Parte das reflexões de Dray foram inspiradas na obra de Gallie que entende a “compreensão histórica” como fundamento da narrativa. Por meio desta concepção, Gallie associa a estrutura narrativa da história a “uma sequência de ações e experiências de um número de pessoas, reais ou imaginárias” (p.138), comparando-a, desta forma, à “estória”. Deste modelo, o autor se apropria de expressões como “acompanhamento”, “interesse” e “conclusão” para ressaltar que, na história, diferentemente de outras ciências, o caminho percorrido pelo leitor é muito mais importante do que o resultado da pesquisa em si. Logo, os elementos contingenciais evidenciados na trama narrativa conferem, não apenas “explicabilidade”, mas sobretudo, inteligibilidade e significado à história.
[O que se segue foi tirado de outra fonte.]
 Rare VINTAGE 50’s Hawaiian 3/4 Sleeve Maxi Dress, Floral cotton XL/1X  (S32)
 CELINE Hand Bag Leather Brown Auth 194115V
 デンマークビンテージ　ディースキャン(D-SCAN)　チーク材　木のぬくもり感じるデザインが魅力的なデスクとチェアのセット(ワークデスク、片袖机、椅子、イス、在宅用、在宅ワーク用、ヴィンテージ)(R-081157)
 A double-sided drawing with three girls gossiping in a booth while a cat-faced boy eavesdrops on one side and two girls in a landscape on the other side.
Tomando parte nesta discussão, a breve nota de Maurice Mandelbaum pode ser encarada como um alerta ao considerar a perspectiva analítica do debate. Para ele, os estudos que tendem a associar história e narrativa, seja pela valorização do fator teleológico na escrita da história ou pela (falsa) percepção de que a história atende a uma sequência linear de ações humanas, por exemplo, podem negligenciar o papel investigativo do historiador. Diferente desta vertente, os estudos que se aproximam de uma historiologia hermenêutica, idealista ou linguístico-narrativa contribuem para a valorização de sujeitos localizados não somente na narrativa em si, mas também fora dela. Este é o teor dos próximos capítulos inseridos na obra resenhada.
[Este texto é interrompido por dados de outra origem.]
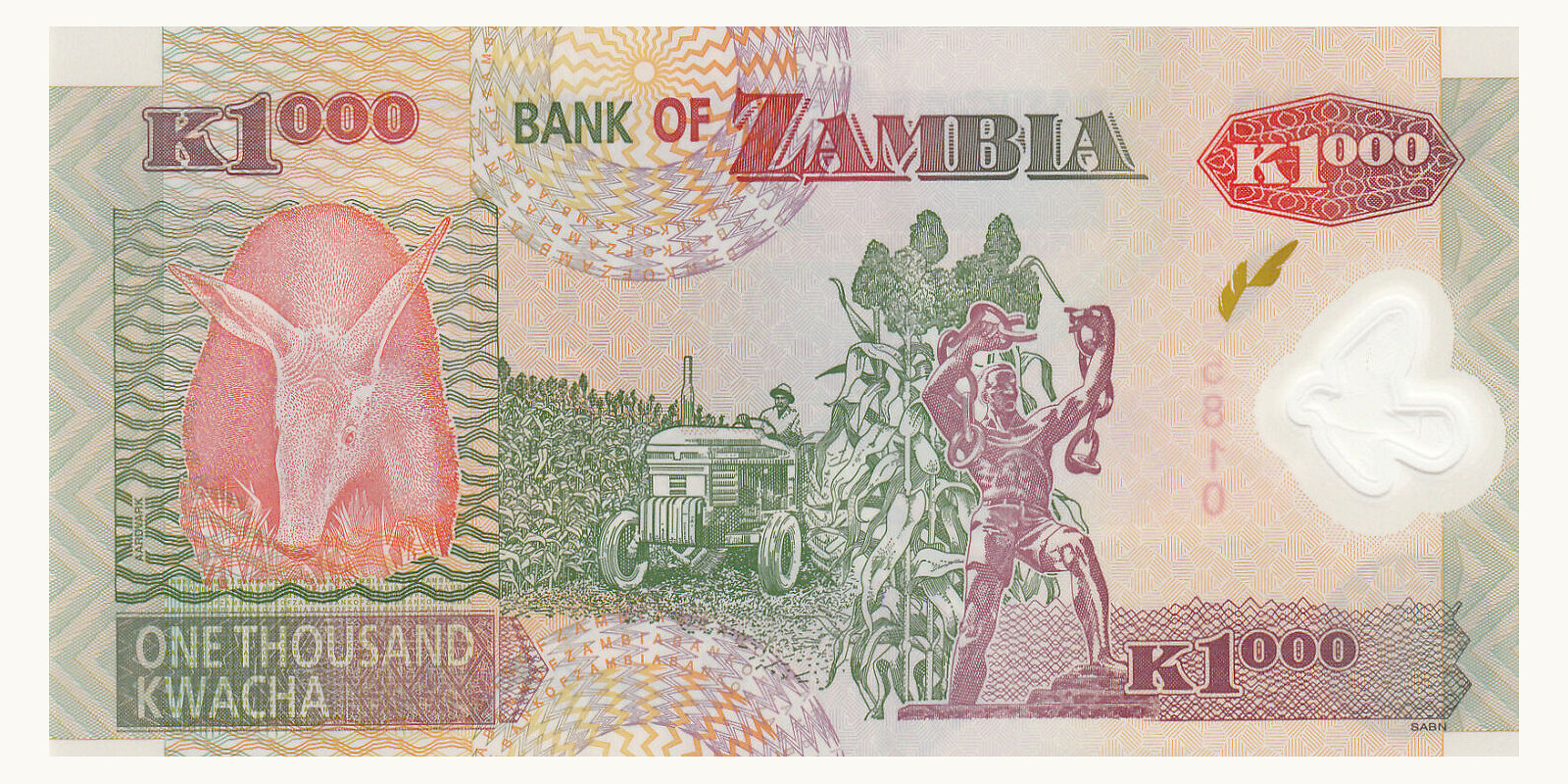 1000 kwacha Zambia 2009 — Back side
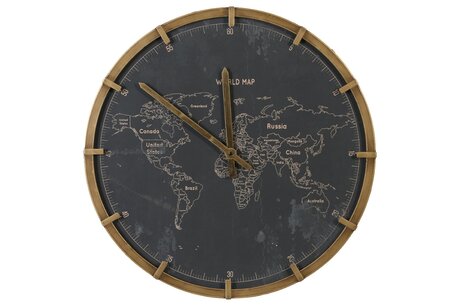 DKNC - Klok - Metaal - 58x4cm - Grijs DKNC - Klok - Metaal - 58x4cm - Grijs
Ao analisar as contribuições de Michel Foucault para a história das ideias, Marcos Antônio Lopes destaca o valor do texto como testemunho. Ou seja, mais do que a compreensão de um autor e o contexto de produção de sua obra, o filósofo francês buscou ampliar a figura do leitor no processo de construção de sentidos do texto. Lopes observa, então, algumas das críticas atribuídas ao pensamento foucaultiano, acusado de dissolver a própria “essência” da história, a saber, “a noção de especificidade do tempo histórico e da singularidade da natureza de uma criação intelectual” (p.172). Foucault estaria substituindo, desta forma, a “influência humana” pela “intertextualidade inumana”, o que eliminaria não só o autor como também, a própria ideia de homem. Para Lopes, contudo, ao desvincular o discurso de seu locus de produção, o filósofo valorizava a “operação interpretativa” que confere ao leitor autonomia para decifrar o que o texto diz e não o que o autor pretendia dizer.
Sintetizando uma das facetas modernistas de Hayden White, Daniela Kern – única representante do gênero feminino desta antologia – analisa o pluralismo histórico localizado em sua obra. Para Kern, o viés crítico do pensamento de White “pretende recuperar os diferentes modos de construção do texto” a partir da valorização do autor e leitor (p.184). Ao retomar os estudos de retórica e poética aristotélica, a perspectiva teórica rastreada na obra do historiador denota a importância dos diferentes relatos acerca do passado, promovendo um conceito de história que assume a arte como método.
Na seara das contribuições linguístico-narrativa, Cláudio Pereira Elmir traz à tona um conceito capaz de aproximar as narrativas literária e histórica: o enredo. Para Elmir, este elemento é responsável pela própria dinâmica da narrativa e seu percurso, marcando, inclusive, a capacidade seletiva e imaginativa de um autor em sua construção textual. Considerando as contribuições de intelectuais como Paul Veyne, Hayden White e Paul Ricoeur, o autor ressalta a dimensão estética do trabalho do historiador; a classificação do discurso histórico como um processo de interpretação; e, também, a importância da “intriga” como elemento que permite o estabelecimento de contornos, limites e extensão ao trabalho historiográfico.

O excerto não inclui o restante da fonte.